What am I misunderstanding about Lagrange multipliers here?

121 Views Asked by At

Consider a constrained optimization problem over some euclidean space, that is for some real valued functions $f,g$ on that space we seek

$$ \underset{x}{\arg \min} \ f(x)\\ \text{subject to} \ g(x) = 0. $$

Then, one can look for possible optima by means of Lagrange multipliers. That is, a possible minimum $x^*$ fulfills for some $\lambda$

\begin{align} \nabla_x f(x^*) + \lambda \nabla_x g(x^*) = 0 \\ g(x^*) = 0. \end{align}

Now consider a constraint that is quadratic, which we can always achieve via

$$ \underset{x}{\arg \min} \ f(x)\\ \text{subject to} \ g(x)^2 = 0. $$ Of course, this should yield exactly the same minima as the original problem.

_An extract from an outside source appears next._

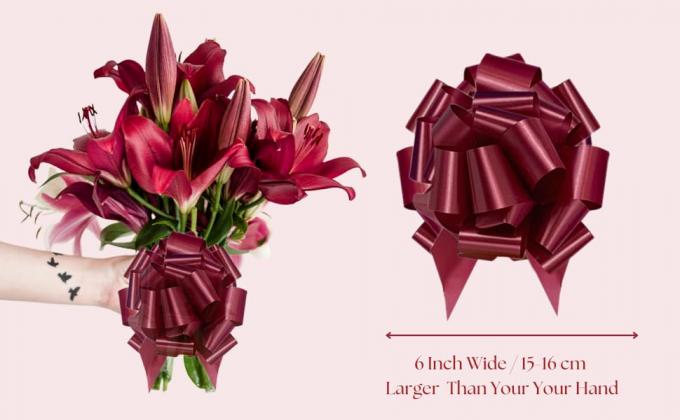 Пасхальный подарок обернуть тянуть луки, большой 6 дюймов разнообразный подарок тянуть луки, для подарок корзины, подарок сумки коробки обертывания декор 2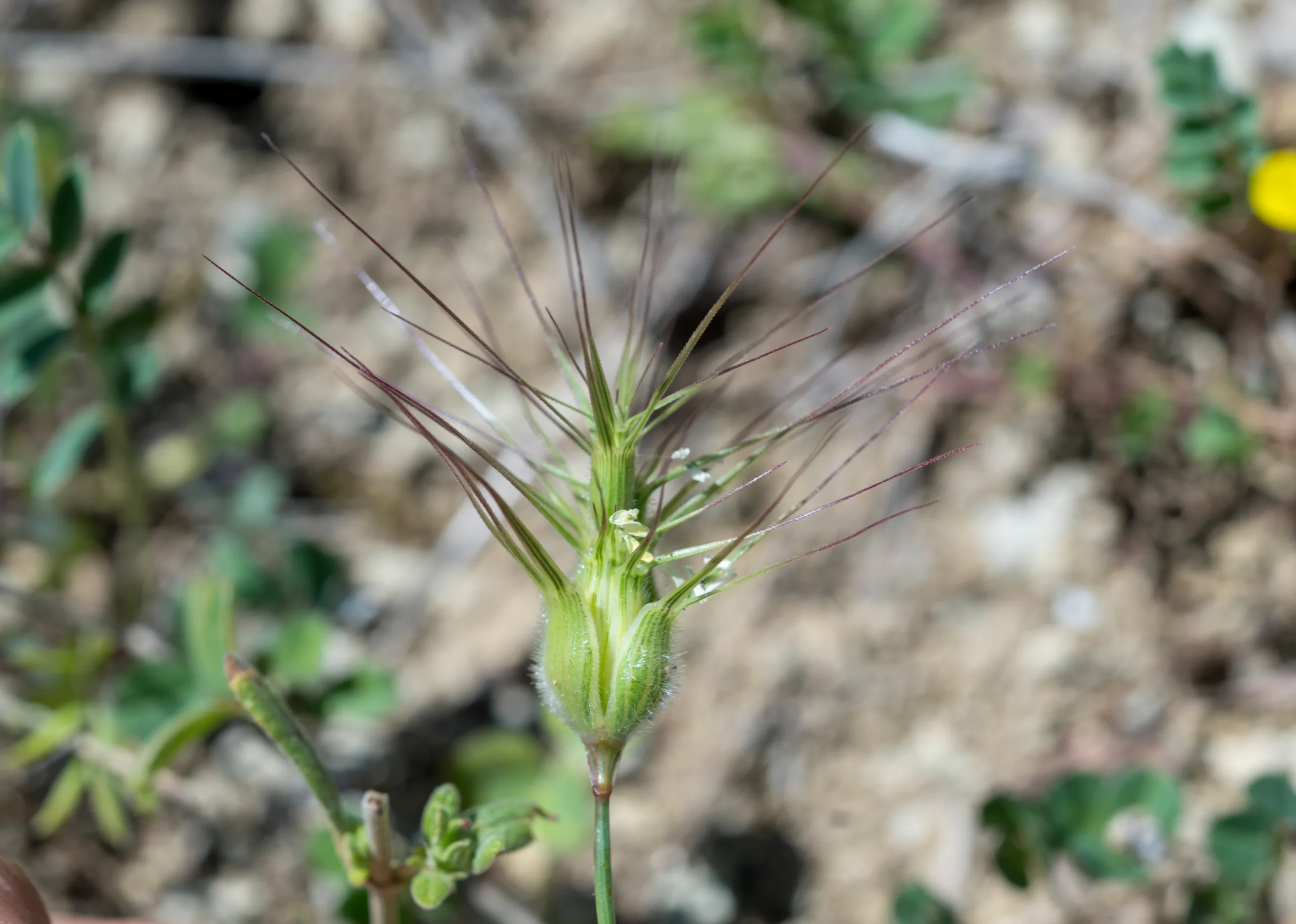 Aegilops neglecta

However, when we now look at the Lagrange conditions we have

\begin{align} \nabla_x f(x^*) + \lambda \nabla_x g(x^*)^2 = \nabla_x f(x^*) + 2 \lambda g(x^*) \nabla_x g(x^*) = 0 \\ g(x^*) = 0. \end{align} But then plugging the second equation in the first, we find that $\nabla_x f(x^*)=0$, that is $x^*$ should be a solution to the unconstrained minimization problem.

What am I doing wrong here? Am i missing some assumptions which make the Lagrange multiplier method invalid in the second case, or what is happening here?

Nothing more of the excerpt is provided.